Vor dem Dessert gibt es eine Erfrischung, passenderweise auf der Karte auch japanisch als Sawayaka betitelt. Es ist ein cremiges Eis von grünem Shiso und Yuzu mit kräutrig-nussigem Charakter. Einfach, aber gut.

Sawayaka
Sawayaka

Eine Kombination aus regionalen und asiatischen Aromen bestimmt auch das Hauptdessert mit einem Eis von schwarzem Sesam, darauf ein weiteres Eis von Karamell und Sanddorn als geeiste Perlen und als Sauce. Wo Sanddorn häufig sehr dominant säuerlich wirken kann, ist dies hier nicht der Fall, sondern sehr elegant eingebunden. Überhaupt wirkt dieser Nachtisch wie eine Brücke, die die Küche zum Abschluss des Menüs noch einmal von Japan ins heimische Limburg schlägt.

Sesam | Karamell | Sanddorn
Sesam | Karamell | Sanddorn

Ein noch heißes Beignet mit Vanillecreme sowie eine Praline mit Miso, Karamell und Haselnuss beenden das Menü so köstlich wie handwerklich einwandfrei.

Japanische Elemente im Fine Dining Bereich sind seit langem en vogue. Mal funktionieren sie besser, mal eher angestrengt. Robin van de Bunt geht da nach meinem Gefühl eher undogmatisch an die Sache. Mal sind die Akzente deutlicher spürbar, mal nimmt er sie bewusst zurück. So ergibt sich eine Stilistik, die sich mit deutlicher Sympathie für Japan zeigt, aber eben auch kreativ Geschmäcker aus der restlichen Welt nutzt.

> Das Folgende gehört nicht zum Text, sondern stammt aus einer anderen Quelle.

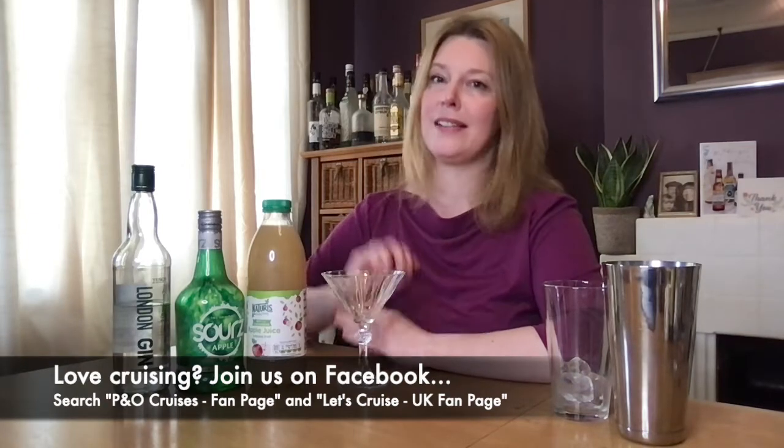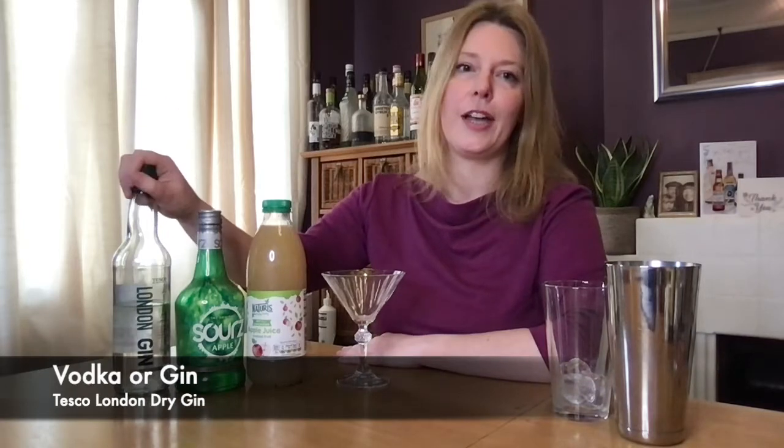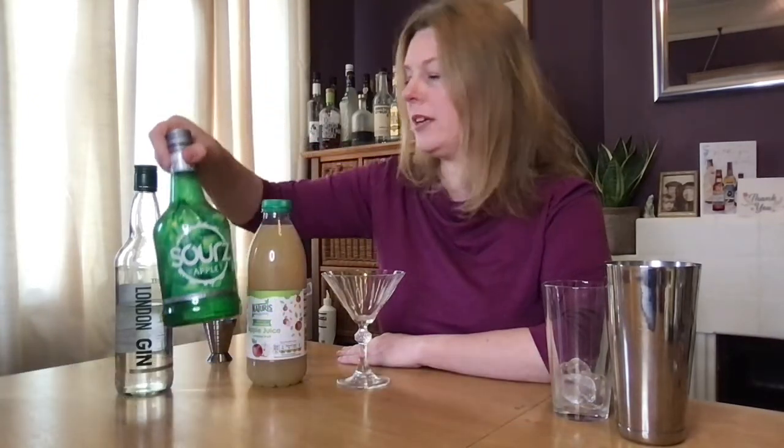Next we have the Appletini — a lovely, clean, refreshing, apple-flavoured martini. This one is requested a lot by members of the cruise group I'm a part of; it's a very popular drink on board P&O Cruises, and this recipe is adapted from theirs. Typically you would use vodka for this one, but I like to use gin — and I've also run out of vodka, so that's why I'm using gin! But it works brilliantly with either. I've got my Tesco London Dry Gin, and you'll need some apple schnapps — Apple Sours is one brand you usually find in the supermarkets. Really good one to use; great apple flavour, it's like apple sweets. Lovely. And you'll need some apple juice as well — so those are the three ingredients. Really lovely easy one, but we're going to shake this one. We've got a shaker with some ice in here.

Handwerklich ist das sowieso ohne Fehl und Tadel, was die hohen Bewertungen allemal rechtfertigt.

Dass die Wartezeiten zwischen den Gängen vor allem zu Beginn des Menüs etwas länger waren, mag dem ausgebuchten Haus zuzuschreiben sein. Sie waren aber noch akzeptabel. Im Laufe des Mittags zog das Tempo an und war dann völlig in Ordnung.

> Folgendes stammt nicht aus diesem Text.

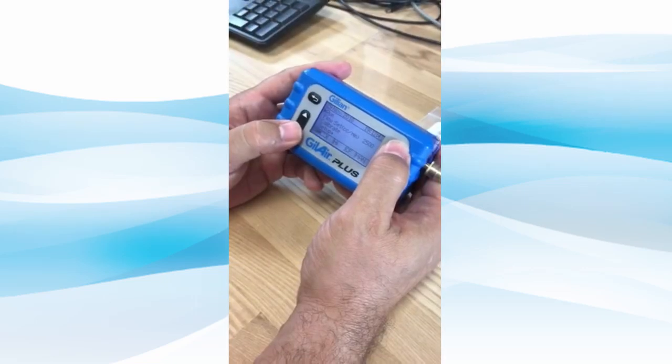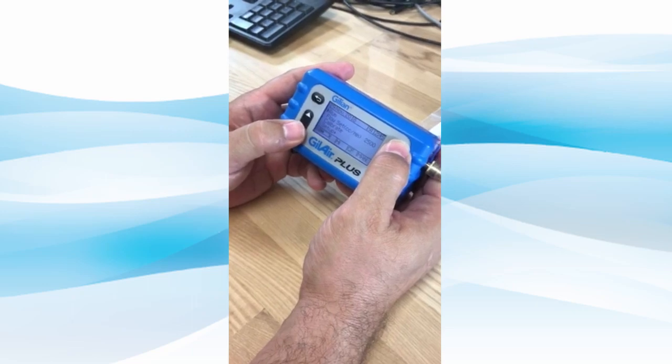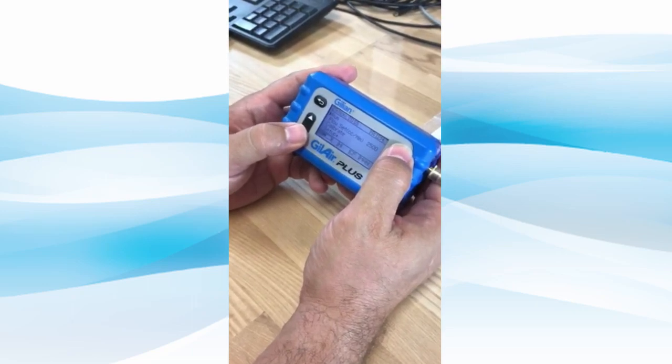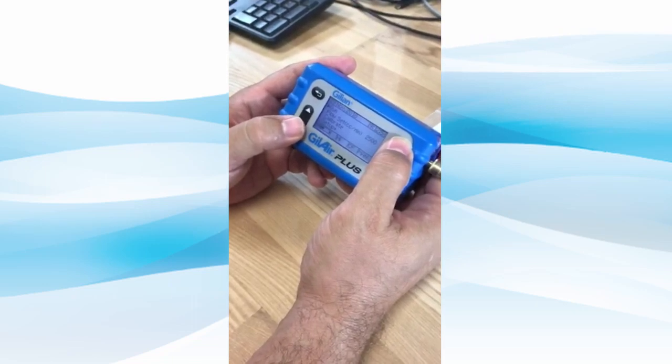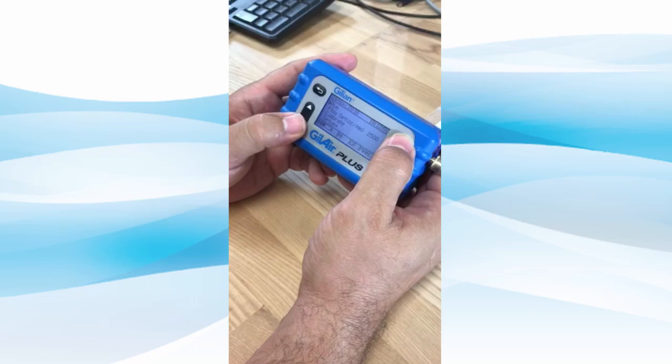Set the desired flow rate on the Gillair Plus pump while in the constant flow mode. Ensure the Gillair Plus pump is calibrated to your desired flow rate. Please reference the operations manual for information on calibrating your Gillair Plus pump.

Am Service gibt es ohnehin nichts auszusetzen. Es war immer jemand an unserem Tisch präsent, die Weinbegleitung durch Sommelier Franc Michielsen bot eine interessante und passende Auswahl. Noch beeindruckender hingegen die alkoholfreie Begleitung, die mir diesmal als Fahrer zufiel. Michelle van de Bunt kreierte faszinierende Cocktails, die auf überzeugende Weise die Aromen der Gänge aufnahmen. Das ist eine der eigenständigsten alkoholfreien Getränkebegleitungen seit langem. Und über allem die sehr familiäre Atmosphäre bei durchaus sehr coolem Soundtrack, der klar machte, dass dieses Haus, so alt es auch sein mag, ganz zeitgemäß unterwegs ist.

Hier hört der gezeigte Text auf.